# Google adsense



## alltshirts4you (Jun 9, 2006)

I think to add Google adsense to my t-shirts web shop.
But I afraid, that will move customers to competitors through adsense :-(
But I'll get revenue for these customers 

Have anyone an experience - does Google Adsense decrease the revenue from the original t-shirts web shop?


----------



## Despotte (Jun 2, 2006)

This has been discussed alot an interesting thing in Squidoo recently seemed to indicate that with a NEW site or new customers Google Adsense gave a sense of "legitimacy" to the website. The site was more comfortable to the user and the user felt that if Google was here then the place must be "better" I am not sure I buy this but after only a short time of strategically placing google ads Squidoo found that OTHER sales increased. Go figure. I still have yet to make any squidoo money so I don't know for sure.


----------



## T-BOT (Jul 24, 2006)

complicated topic for sure.

we have adsense ads on the site because we want to offer the visitor more related resources, it's not really for the ppc revenue.... it does help pay for some site expenses though. 

The ads are in the same market sector and peeps like bestblanks, spreadshirt and others also do not have a problem advertising on the site. 

We do get sales from our sites adsense advertisers too, when they can not fill the users needs they often refer them to us. OR we fill orders for them and they sell it to their clients.

I think this type of B2B referals stuff goes beyond adsense and it is done a lot within all industries i find. The ones that don't are usually not what they proclaim to be or are not confident with what they sell. 

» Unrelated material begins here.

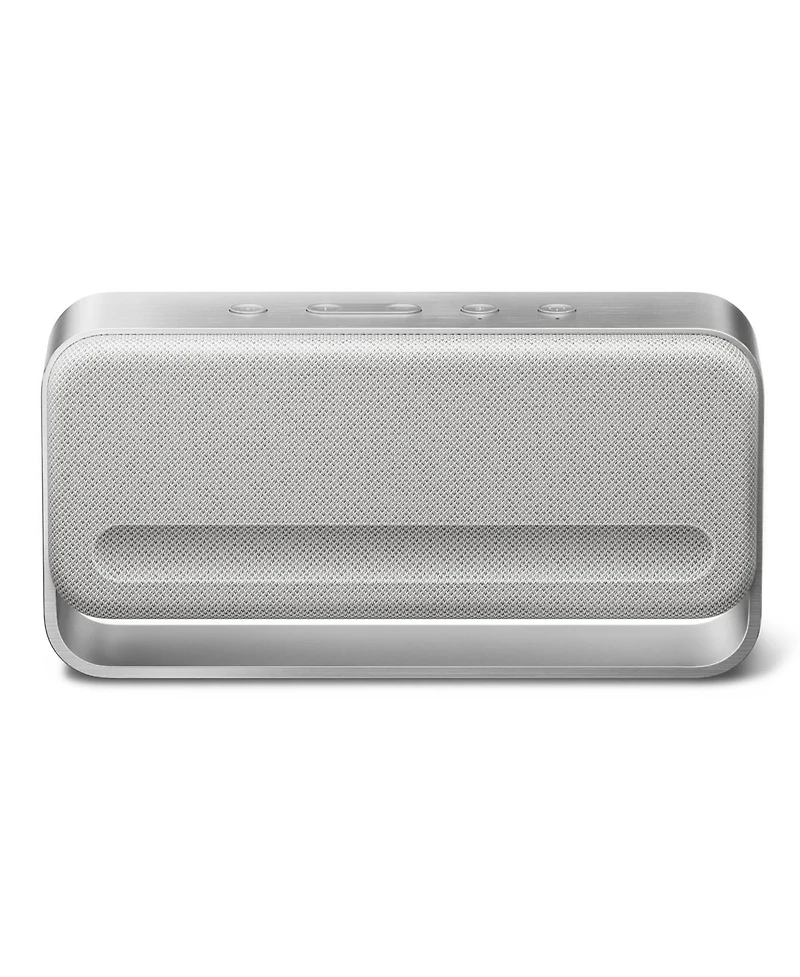 Bose SoundLink Home Bluetooth Speaker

like i said, this is a very complicated topic and i bet there is no perfect answer.


----------



## Rodney (Nov 3, 2004)

See the discussion here as well:
http://www.t-shirtforums.com/showthread.php?t=4701

I think a B2B site is a different animal than a strict ecommerce site. They would probably work Ok in some circumstances on a B2B site.


----------



## Adam (Mar 21, 2005)

> But I afraid, that will move customers to competitors through adsense :-(


Well, that's exactly what it does.

If you haven't got the traffic then don't bother with them. It will just distract people from buying your own product. Isn't that what you want them to do, buy your product?

I've got a lot fo experience with Adsense and it definately decreases affiliate sales, so is more than likely to decrease your own sales. You have to ask yourself what is your end goal.


----------